Almost exactly a year ago, I proposed that all communicators should fear and loathe Donald Trump, just on the basis of being communicators.
Now that he's President Trump, I feel the same way, only stronger. Why? The American military journalist Thomas E. Ricks just said what I'd have said if I could have laid tongue to it.
The last words of the book articulate my deepest disquiet about the Trump presidency.
Ricks believes that Trumpism is a threat to “a long but direct line from Aristotle and Archimedes to Locke, Hume, Mill and Darwin, and from there through Orwell and Churchill to the ‘Letter from Birmingham City Jail.’ It is the agreement that objective reality exists, that people of good will can perceive it and that other people will change their views when presented with the facts of the matter.”

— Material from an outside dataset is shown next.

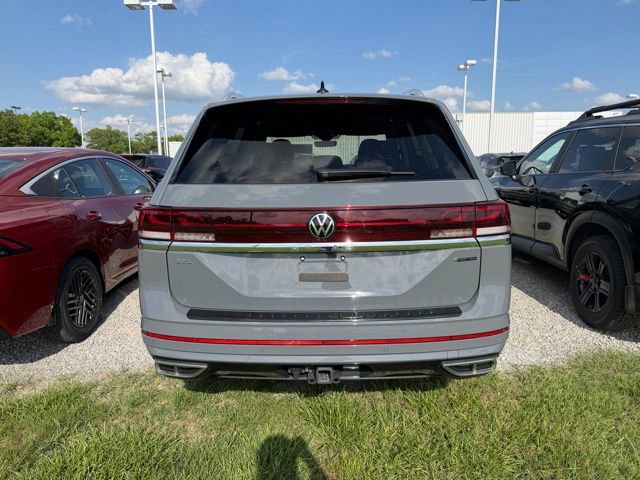Used 2025 Volkswagen Atlas SEL Premium R-Line AWD/4WD image 3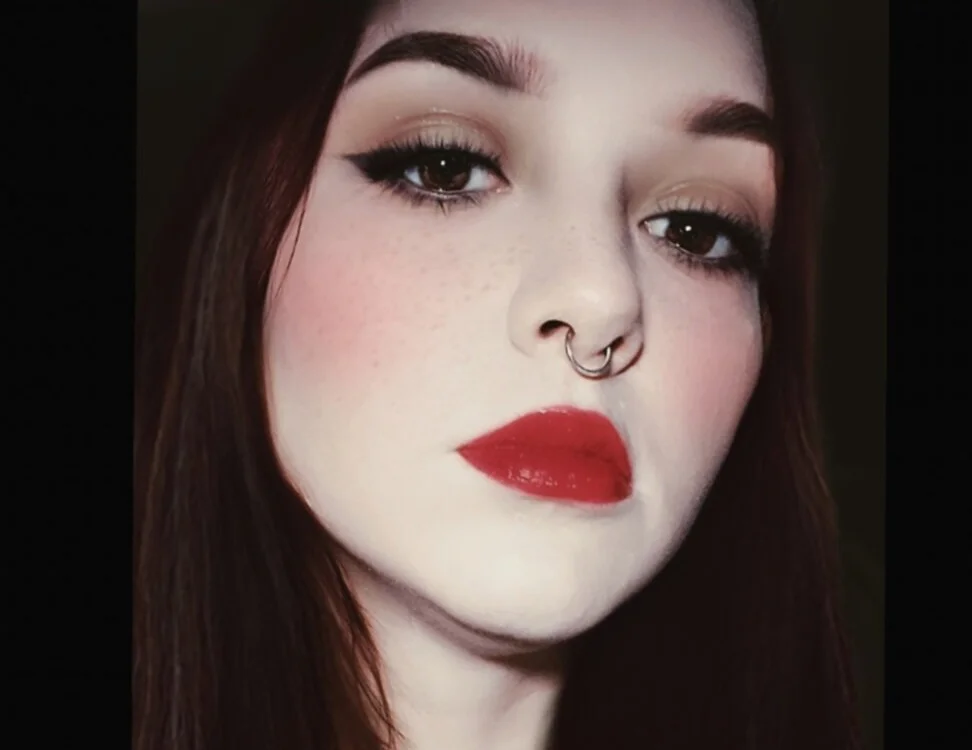 Sydney_Eve offline chatrum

As a communicator, I fear the loss of that agreement in the same way I imagine other vulnerable populations fear the loss of their own rights and powers.
As a communicator without that agreement, I would have no power to persuade.
As a communicator without that agreement, I would have no reason to listen.
As a communicator without that agreement, I would lose what scant influence I have.
Which would be a horror. And which, many days, already is.
If you're a communicator and Trump and the swirling information turdnado that surrounds him doesn't make you feel this way, I am truly all ears.
Because I'd dearly like not to feel this way myself.